Heather O’Neill, president and CEO of the national business association Advanced Energy United, agrees that the Senate bill is marginally better for clean energy than the House bill, but still expects power bills to go up and thousands of jobs to be lost.
“The fate of hundreds of advanced energy projects and facilities, representing thousands of jobs and billions in private investment, are at the mercy of the U.S. Senate. The cumulative impact of the initial Senate Finance language will be to imperil those projects, chill investment, destroy jobs, raise electricity costs, and undermine American energy abundance,” O’Neill warned. “Businesses can’t invest without consistent tax policy. By axing a range of long-standing tax policies, this proposal undercuts business certainty while robbing consumers of the opportunity to lower their energy costs.”
American Clean Power CEO Jason Grumet’s position is similar to that of his peers.
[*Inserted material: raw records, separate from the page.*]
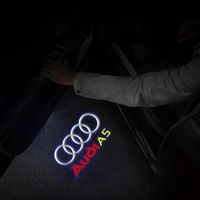 Audi A5 - Lumières de bienvenue de porte de voiture d'origine, lampes de budgétaire de badge automatique, lum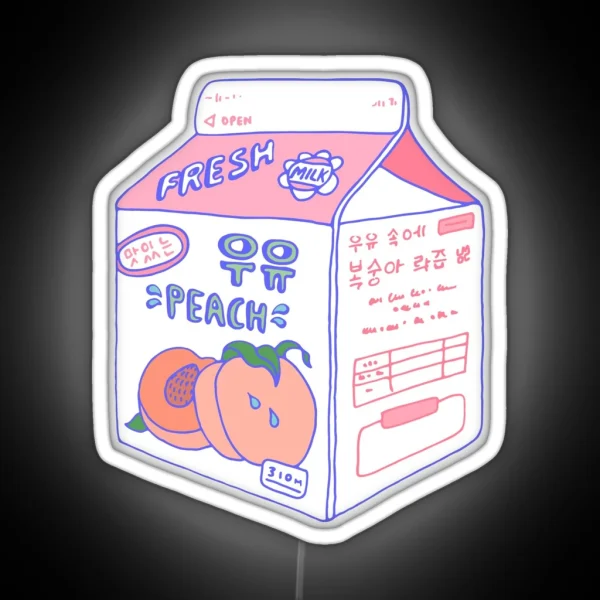 Peach Milk Carton RGB Neon Sign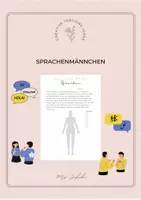 Vorschau - Anderer Materialtyp - Vorlage: Sprachenmännchen - Deckblatt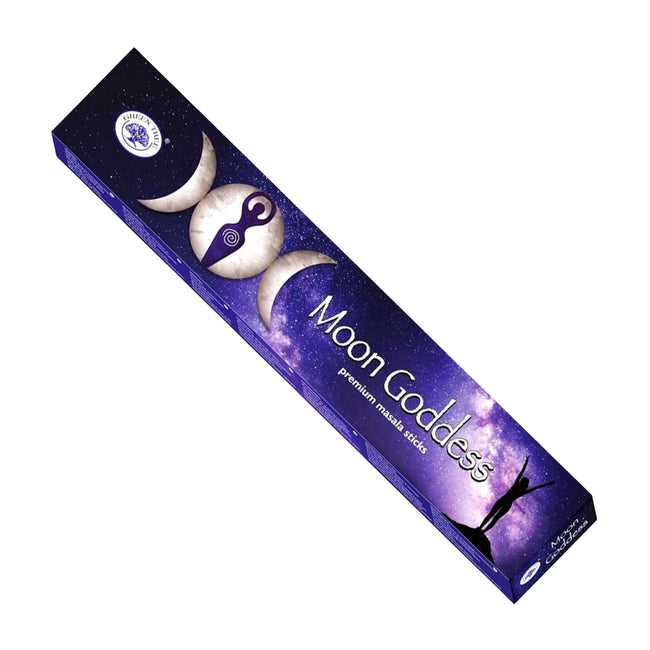 Moon Goddess Incense Sticks by Green Tree Smudge incense Yoga Meditation Sacred Rituals Cleansing Healing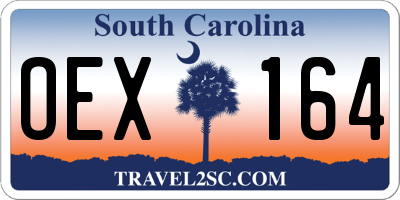 SC license plate OEX164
“The Senate Finance Committee released proposed language that would increase household electricity bills and threaten hundreds of thousands of jobs across the country. While the proposal eliminates poison pills from the House legislation, abrupt changes to the clean energy tax credits unnecessarily penalize companies that are making good-faith investments under current law,” Grumet said.
“The most immediate impact will be felt by consumers and companies facing increased energy bills. Absent reasonable timelines for businesses to adjust to increasing taxes, good-paying jobs, technology innovation, and AI data centers will be driven overseas. As the legislation moves through the process, we look forward to working with the Senate on reasonable amendments that protect American jobs, strengthen our economy, and support U.S. energy dominance.”